No livro que estou lendo há algumas passagens fantásticas onde o autor fala sobre alguns hobbies que, muitas vezes, não são levados em consideração quando se fala em passar o tempo:
“Não é curioso que em muitos de nossos hobbies brinquemos de satisfazer uma ou outra de nossas necessidades animais fundamentais – por comida, abrigo ou mesmo vestimenta? Assim, algumas pessoas fazem tricô, outras constroem objetos com restos de madeira e muitos de nós “preparamos” nossa alimentação – cultivando uma horta ou caçando, pescando ou procurando o que comer.
Gostamos de pensar em nós mesmos como auto-suficientes, nem que só por algumas horas no fim de semana, mesmo quando cultivar a própria comida signifique gastar o dobro do que comprá-la na loja.
Brincar de auto-suficiência assume formas diferentes em pessoas diferentes e é possível saber muito sobre alguém pela escolha de seu tipo de hobbie: se é atraído pela paciência e solidão típicas do pescador, pela matemática de se construir algo, pela emoção da caçada ou pelo diálogo, às vezes cômico, estabelecida com outras espécies num jardim.
Cultivar um jardim ou uma horta é uma forma de se estar na natureza. Nos habituamos a ver a natureza como um lugar essencialmente benigno, que atende aos anseios humanos (por alimentos saborosos).

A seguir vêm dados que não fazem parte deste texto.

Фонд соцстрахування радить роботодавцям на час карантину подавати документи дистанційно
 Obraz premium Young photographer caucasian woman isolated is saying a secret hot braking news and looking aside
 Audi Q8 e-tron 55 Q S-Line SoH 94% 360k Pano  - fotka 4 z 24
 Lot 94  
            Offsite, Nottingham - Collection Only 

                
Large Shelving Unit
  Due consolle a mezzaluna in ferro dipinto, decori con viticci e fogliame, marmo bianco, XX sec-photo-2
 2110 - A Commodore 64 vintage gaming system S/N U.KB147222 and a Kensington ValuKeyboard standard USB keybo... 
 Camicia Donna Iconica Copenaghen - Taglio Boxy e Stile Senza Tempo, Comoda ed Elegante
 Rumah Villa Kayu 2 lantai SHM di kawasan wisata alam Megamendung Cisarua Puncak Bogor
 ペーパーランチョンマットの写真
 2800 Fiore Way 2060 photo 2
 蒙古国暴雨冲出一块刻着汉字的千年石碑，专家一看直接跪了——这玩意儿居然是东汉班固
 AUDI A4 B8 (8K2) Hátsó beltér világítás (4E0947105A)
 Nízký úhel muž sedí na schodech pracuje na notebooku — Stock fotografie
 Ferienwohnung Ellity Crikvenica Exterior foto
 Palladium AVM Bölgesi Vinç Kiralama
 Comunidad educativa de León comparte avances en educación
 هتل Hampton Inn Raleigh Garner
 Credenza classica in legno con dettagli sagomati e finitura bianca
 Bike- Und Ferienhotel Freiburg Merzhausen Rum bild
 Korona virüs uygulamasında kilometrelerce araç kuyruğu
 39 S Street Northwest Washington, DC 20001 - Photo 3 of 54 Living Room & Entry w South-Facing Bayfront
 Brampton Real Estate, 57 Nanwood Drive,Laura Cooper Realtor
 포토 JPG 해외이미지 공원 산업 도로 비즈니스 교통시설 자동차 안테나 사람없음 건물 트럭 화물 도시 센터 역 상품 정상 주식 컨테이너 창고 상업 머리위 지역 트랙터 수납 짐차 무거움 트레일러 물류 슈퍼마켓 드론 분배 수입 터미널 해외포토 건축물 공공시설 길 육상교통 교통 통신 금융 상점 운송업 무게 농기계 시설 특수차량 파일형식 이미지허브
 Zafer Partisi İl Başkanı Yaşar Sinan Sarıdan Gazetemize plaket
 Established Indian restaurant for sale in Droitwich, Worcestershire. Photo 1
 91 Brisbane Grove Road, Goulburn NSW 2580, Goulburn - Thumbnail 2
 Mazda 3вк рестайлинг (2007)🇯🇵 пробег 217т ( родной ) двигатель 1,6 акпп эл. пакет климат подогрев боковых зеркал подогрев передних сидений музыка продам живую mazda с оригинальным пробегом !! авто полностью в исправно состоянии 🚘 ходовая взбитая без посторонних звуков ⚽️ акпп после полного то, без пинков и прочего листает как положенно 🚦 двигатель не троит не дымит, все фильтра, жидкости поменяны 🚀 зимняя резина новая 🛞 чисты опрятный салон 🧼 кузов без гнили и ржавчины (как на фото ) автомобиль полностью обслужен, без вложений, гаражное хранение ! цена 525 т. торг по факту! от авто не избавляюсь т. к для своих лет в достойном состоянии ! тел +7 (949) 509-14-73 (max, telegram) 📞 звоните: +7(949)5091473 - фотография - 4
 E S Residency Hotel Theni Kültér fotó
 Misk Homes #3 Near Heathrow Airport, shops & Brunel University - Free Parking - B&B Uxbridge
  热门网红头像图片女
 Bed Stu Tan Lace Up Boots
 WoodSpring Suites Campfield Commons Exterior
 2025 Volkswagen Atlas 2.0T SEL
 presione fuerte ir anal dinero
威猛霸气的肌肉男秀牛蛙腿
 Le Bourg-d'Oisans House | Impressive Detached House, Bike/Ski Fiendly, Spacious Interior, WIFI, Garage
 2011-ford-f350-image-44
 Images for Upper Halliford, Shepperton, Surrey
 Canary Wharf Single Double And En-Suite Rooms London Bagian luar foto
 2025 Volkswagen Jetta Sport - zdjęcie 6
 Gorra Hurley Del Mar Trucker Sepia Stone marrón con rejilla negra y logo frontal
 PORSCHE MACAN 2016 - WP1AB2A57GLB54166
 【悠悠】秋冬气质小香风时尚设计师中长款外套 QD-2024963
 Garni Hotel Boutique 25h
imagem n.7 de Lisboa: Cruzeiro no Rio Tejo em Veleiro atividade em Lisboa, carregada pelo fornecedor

Num jardim ou numa horta acabamos pensando em tudo o que cresce ali como sendo de nossa propriedade, já que são frutos do trabalho que realizamos na nossa terra. E iremos encarar os residentes daquele pedaço de terra, que não convidamos, como “pragas”. Quem cultiva uma horta é um dualista por natureza, divide seu mundo em duas categorias: terra cultivada e natureza selvagem (ervas daninhas, pássaros, insetos, etc).” Trecho extraído do livro O Dilema do Onívoro.
Tentei cultivar uma horta certa vez. Comecei bem, preparando a terra, semeando, regando todos os dias. Tentando realizar o controle das pragas, sem o uso de produtos químicos. Obtive certo êxito, pude colher alfaces, rúculas, coentro, cebolinhas. Mas aí os afazeres (outros afazeres) foram aumentando e consequentemente diminuindo o tempo de que eu dispunha de cuidar de minha horta. Resultado: o mato tomou conta. As “pragas” venceram. Tentei então diminuir a escala e comprei alguns vasos para cultivar ervas dentro de casa (coentro, cebolinha, manjericão), para poder ter um tempero fresco sempre à mão. Só que diminuí demais a escala e sempre que eu necessitava, ou já tinha acabado ou ainda estava cedo demais para colher. De forma que agora, sempre que preciso, obrigatoriamente tenho de recorrer ao supermercado.
Mas a experiência de cultivar seu próprio alimento é fascinante. Faz com que nos sintamos no controle. De alguma coisa pelo menos, já que invariavelmente as coisas dificilmente são do jeito que gostaríamos.